What is expected:
The task calls for an exact retyping of the lines from the one holding "Delfts Blauw Tegeltje" through the end of the listing, with pictures omitted and nothing added.

-.-.-

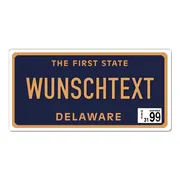 Delaware - The First State - US-Nummernschild mit Wunschtext bedruckt 30 x 15 cm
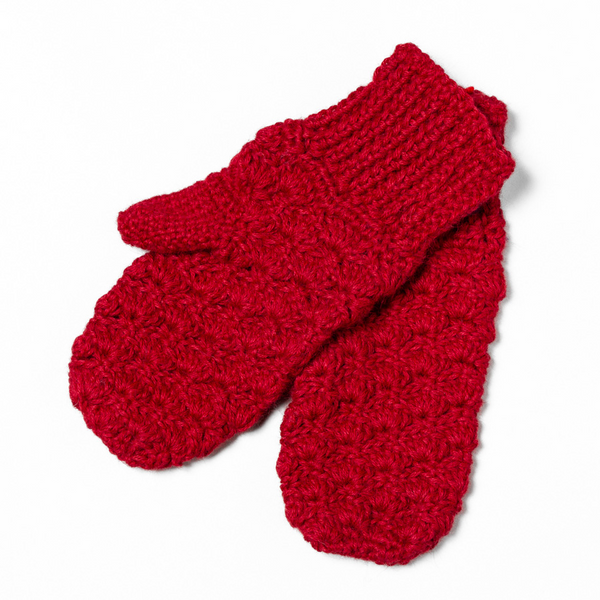 Cute handmade buy wool alpaca blend soft linning Christmas tree holiday red mittens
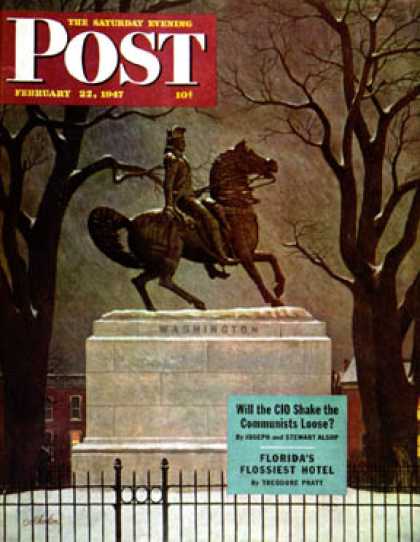 Saturday Evening Post - 1947-02-22: Statue of Washington on His Horse (John Atherton)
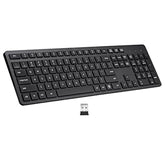 Wireless Keyboard, 2.4G Usb External Silent Cordless Keyboard For Windows Chrome Laptop Computer Pc Desktop Notebook Chromebook, 106 Keys Full Size With Number Pad (Black)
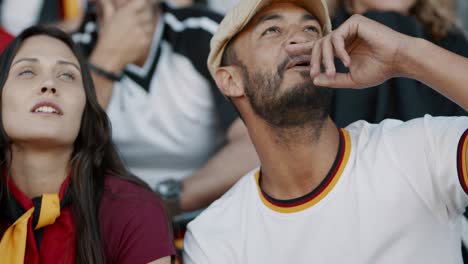 german football supporters having fun during a live game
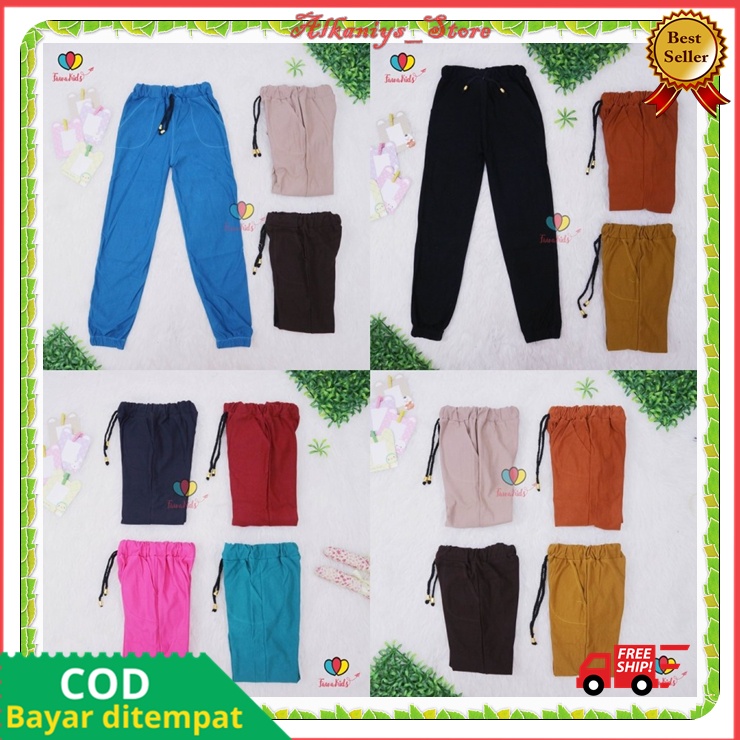 Celana Jogger Pants Jogger Anak Joger Katun Tebal / Clana JOGGER ANAK Laki Perempuan ukuran 7-8 Tahu
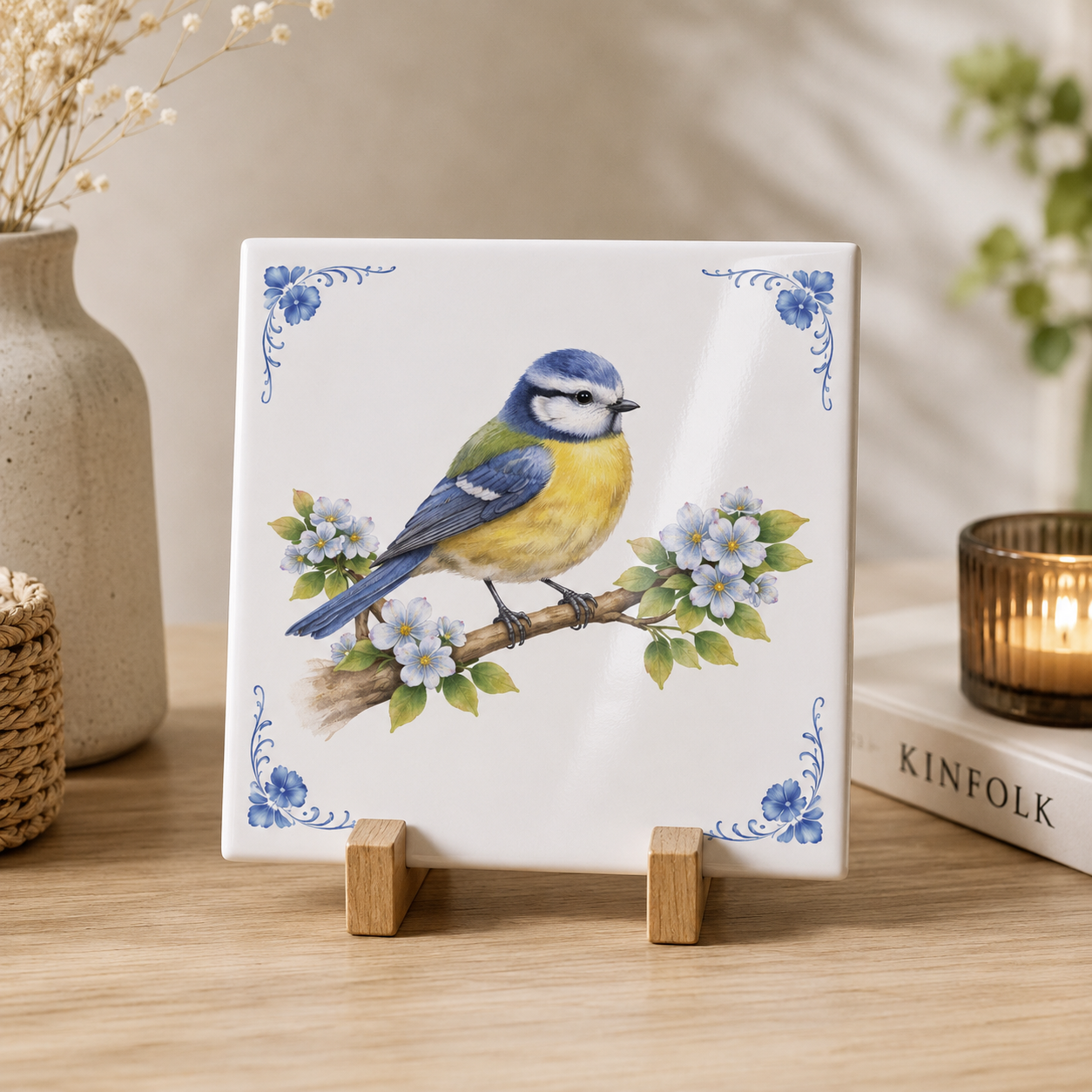 Delfts Blauw Tegeltje met Pimpelmees – Vintage Vogel Illustratie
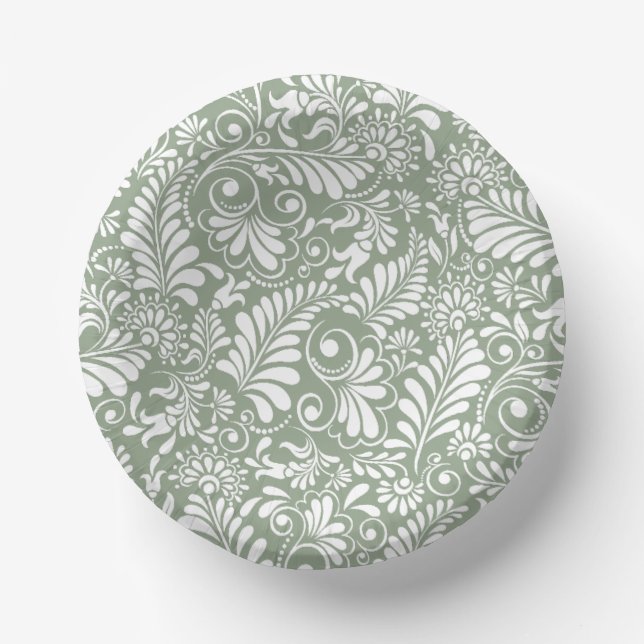 Elegant Green Botanical Wedding Paper Bowls (Front)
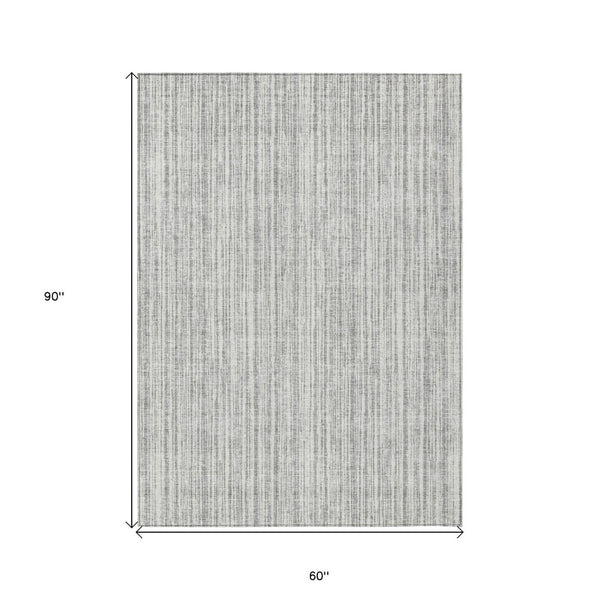 HomeRoots 5' Stylish Gray and Silver Striped Area Rug - Durable, Washable, Perfect for Indoor or Outdoor Spaces 5' X 8' 585491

-.-.-

Result for this task:
 Delfts Blauw Tegeltje met Pimpelmees – Vintage Vogel Illustratie
 Elegant Green Botanical Wedding Paper Bowls (Front)
 HomeRoots 5' Stylish Gray and Silver Striped Area Rug - Durable, Washable, Perfect for Indoor or Outdoor Spaces 5' X 8' 585491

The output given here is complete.